**Assigned task**
All that is needed is the lines from the one containing "德国队世界杯首秀强势击败新军展现冠军风范" through the end of the listing, printed exactly, with no pictures among them.

**Data listing**
»»

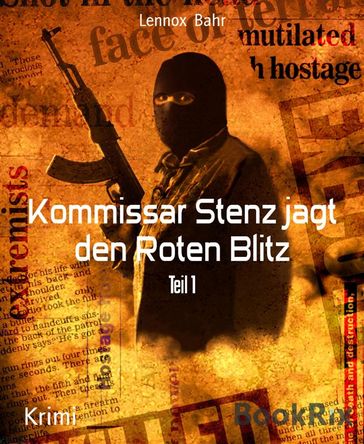 Kommissar Stenz jagt den Roten Blitz - Lennox Bahr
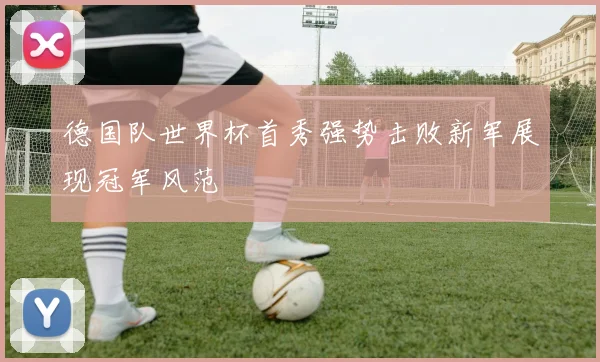 德国队世界杯首秀强势击败新军展现冠军风范
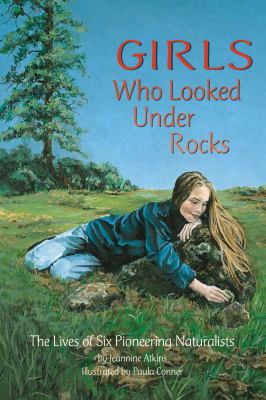 Girls who looked under rocks : the lives of six pioneering naturalists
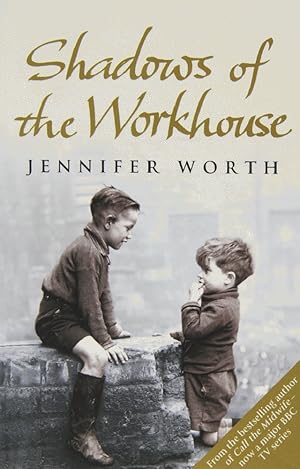 Seller image for Shadows of the Workhouse for sale by Last Word Books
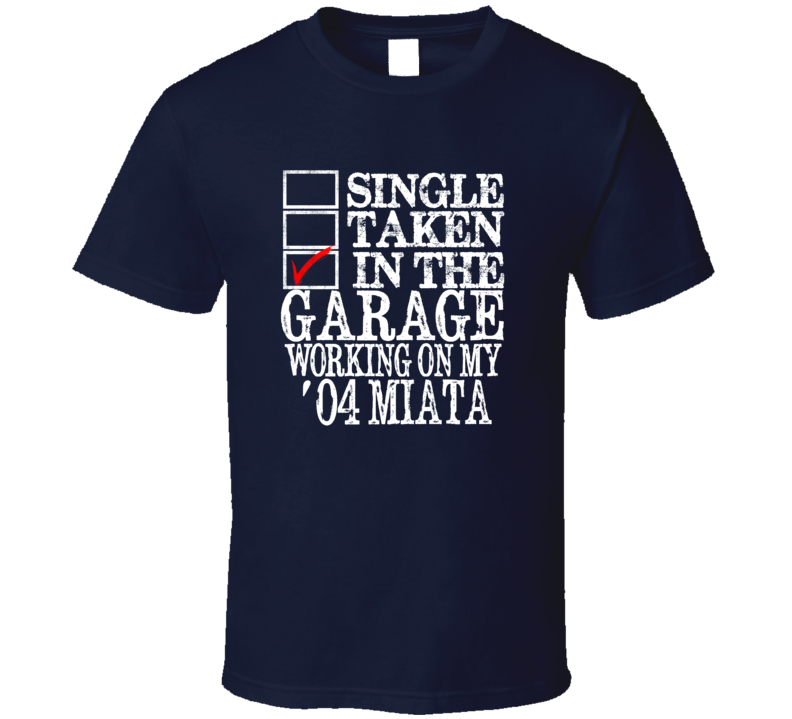 Single Taken Working on 2004 Mazda Miata Funny T Shirt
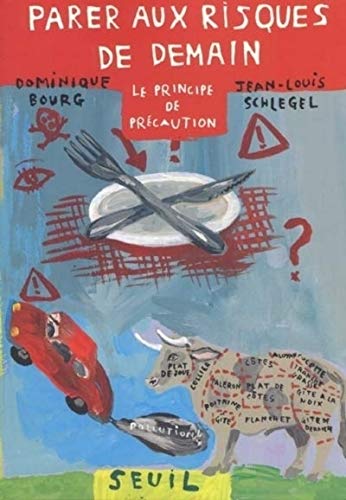 Parer aux risques de demain. Le principe de prÃ©caution (9782020418058) by Bourg, Dominique; Schlegel, Jean-Louis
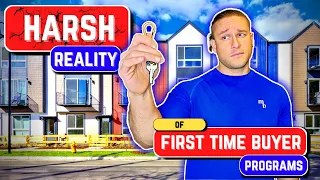 The Truth About First Time Home Buyer Programs [Pros and Cons]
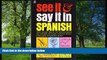 Enjoyed Read See It and Say It in Spanish: Teach Yourself Spanish the Word-and-Picture Way.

««

**Reply to the task**
 德国队世界杯首秀强势击败新军展现冠军风范
 Girls who looked under rocks : the lives of six pioneering naturalists
 Seller image for Shadows of the Workhouse for sale by Last Word Books
 Single Taken Working on 2004 Mazda Miata Funny T Shirt
 Parer aux risques de demain. Le principe de prÃ©caution (9782020418058) by Bourg, Dominique; Schlegel, Jean-Louis
 The Truth About First Time Home Buyer Programs [Pros and Cons]
 Enjoyed Read See It and Say It in Spanish: Teach Yourself Spanish the Word-and-Picture Way.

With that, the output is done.